WORK REQUEST
Could the data below please be reproduced word for word, without the pictures?

TASK MATERIAL
- Opening Delimiter -
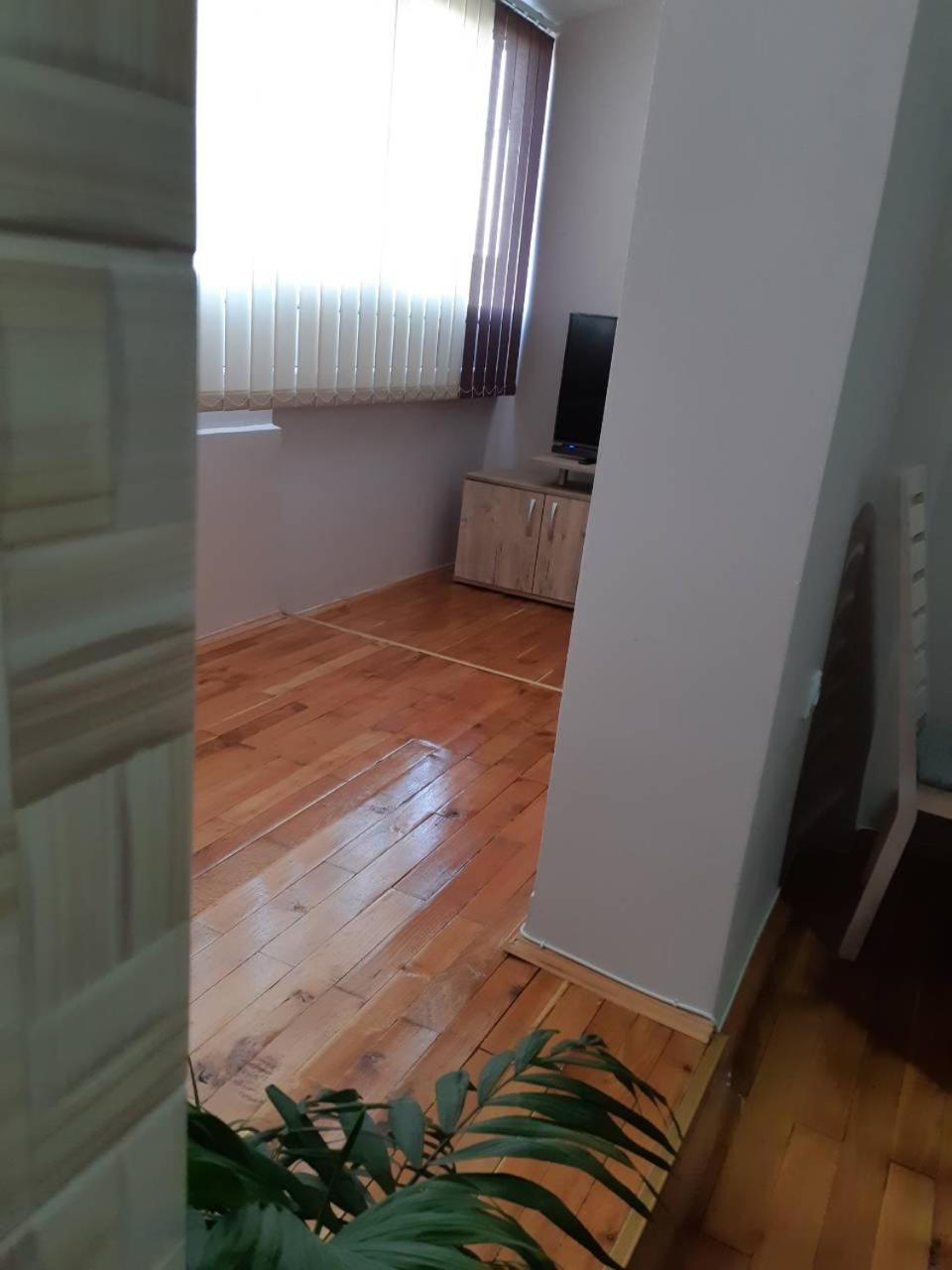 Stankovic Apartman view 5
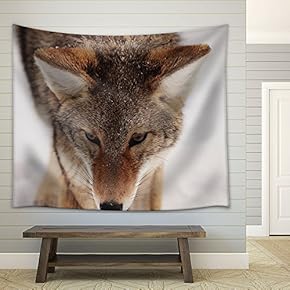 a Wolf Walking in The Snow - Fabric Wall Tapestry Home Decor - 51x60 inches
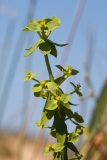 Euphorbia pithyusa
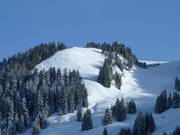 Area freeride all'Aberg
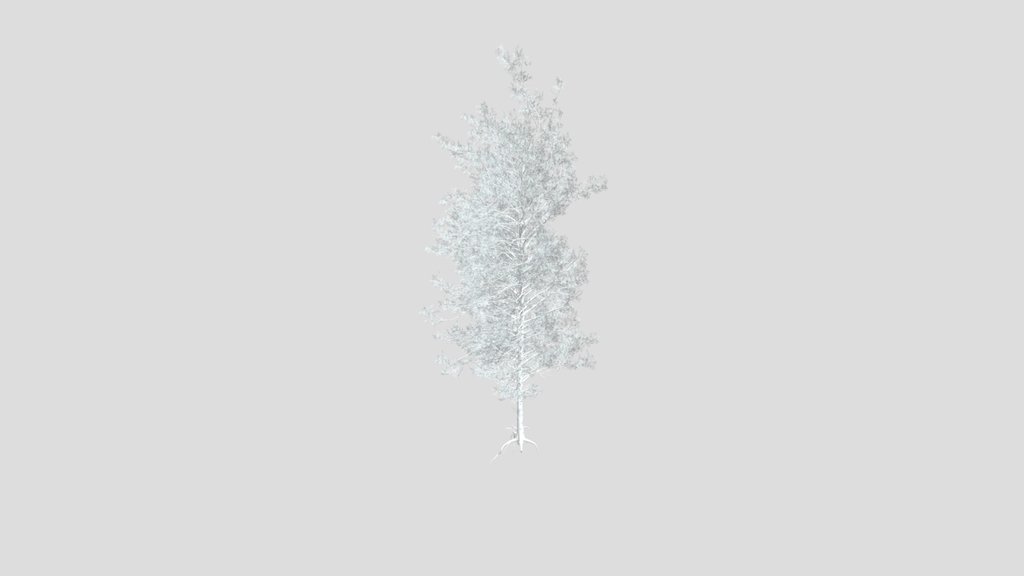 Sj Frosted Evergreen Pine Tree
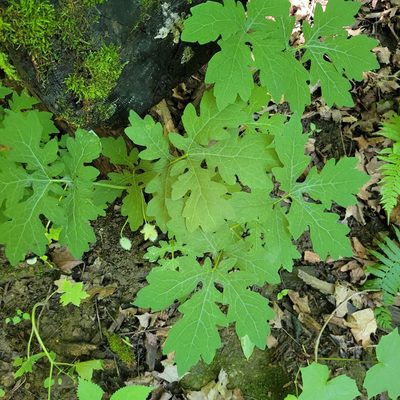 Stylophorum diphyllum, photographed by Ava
- Closing Delimiter -
RESULT BELOW
 Stankovic Apartman view 5
 a Wolf Walking in The Snow - Fabric Wall Tapestry Home Decor - 51x60 inches
 Euphorbia pithyusa
 Area freeride all'Aberg
 Sj Frosted Evergreen Pine Tree
 Stylophorum diphyllum, photographed by Ava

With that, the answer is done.